PP-R (type 3 random copolymer) is the established workhorse for domestic hot and cold water. PP-RCT (random copolymer with crystallinity and temperature, often called PP-R type 4) uses a modified beta-nucleated crystalline structure that gives roughly 25 percent higher pressure capacity at the same wall thickness at elevated temperature, and a markedly higher long-term hydrostatic strength. Specify PP-RCT when you want a thinner wall at the same PN (more bore, lower head loss) or when running continuous hot water near 70 to 80 degrees Celsius. For ambient and intermittent hot water, standard PP-R is more economical and entirely adequate.
How do I correctly socket-fuse a PPR joint?
Socket fusion heats the pipe end and the fitting socket simultaneously on a heater bushing held at 260 degrees Celsius plus or minus 10, then pushes them together so the molten layers interdiffuse. The four common faults are: heating below 250 degrees, which gives cold, weak joints; overheating past 280 degrees, which carbonizes the polymer and makes it brittle; over-insertion, which forms an internal bead that throttles the bore; and rotating the parts during insertion, which tears the melt. Mark insertion depth first, keep the parts square, and respect the heating and cooling times in the manufacturer table for that diameter. Fiber-reinforced pipe must be faced or peeled to remove the outer skin before welding.

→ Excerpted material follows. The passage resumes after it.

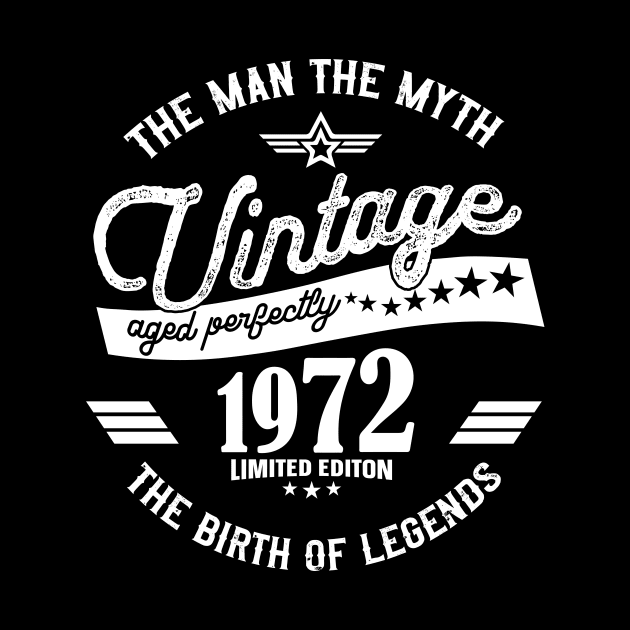 Vintage 1972 by kangaroo Studio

How much does PPR pipe expand with temperature, and how do I absorb it?
Plain PP-R has a linear thermal expansion coefficient of about 0.15 mm per metre per Kelvin, roughly ten times that of steel. A 4-metre run heated by 50 Kelvin elongates about 30 mm, which will buckle a rigidly clamped line. Absorb it with expansion loops, offset legs, or sliding supports, and let the pipe move at guide brackets while anchoring at fixed points. Fiber-reinforced PP-R (a glass-fiber middle layer) cuts the effective expansion by roughly two thirds to about 0.05 mm per metre per Kelvin, and metal-composite PP-R is lower still, which is why both grades are preferred for long hot-water risers and surface-mounted runs.

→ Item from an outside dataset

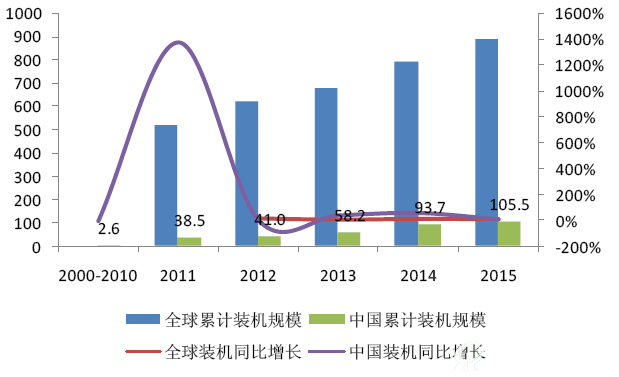 全球及中国电化学储能项目累计装机容量（MW）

Is PPR suitable for compressed air, gas, or high-temperature steam?
No to all three without qualification. PP-R pipe rated for water must not be used for compressed air or gas: the stored energy in a compressed gas makes a brittle or fatigue failure dangerous, and the standard pressure classes are defined for liquid service. Steam is also excluded, because PP-R softens as it approaches its melting range of 140 to 150 degrees Celsius and is only suitable for brief excursions to about 95 degrees in water. The recognized service envelope is the ISO 15874 application classes, typically up to a design temperature of 70 to 80 degrees Celsius continuous with limited time above. For air, gas, or steam, select metal or a polymer specifically certified for that medium.
Which manufacturers and standards should appear on a compliant PPR pipe?
A compliant pipe is surface-printed with the material (PP-R or PP-RCT), the governing standard (ISO 15874, DIN 8077/8078, or GB/T 18742 in China), the dimension as outside diameter by wall thickness, the pressure class (for example PN20 / S2.5), the production date and batch, and often the application class. Established system suppliers include Aquatherm (Germany, the originator of PP fusion pipe), Wavin Ekoplastik, Banninger, Uponor (PP-RCT systems), and Pestan, alongside large regional makers such as China's Lesso, Rifeng, and Weixing. For any project, ask for the third-party certification (for example an accredited test report against ISO 15874-2) rather than relying on the print alone.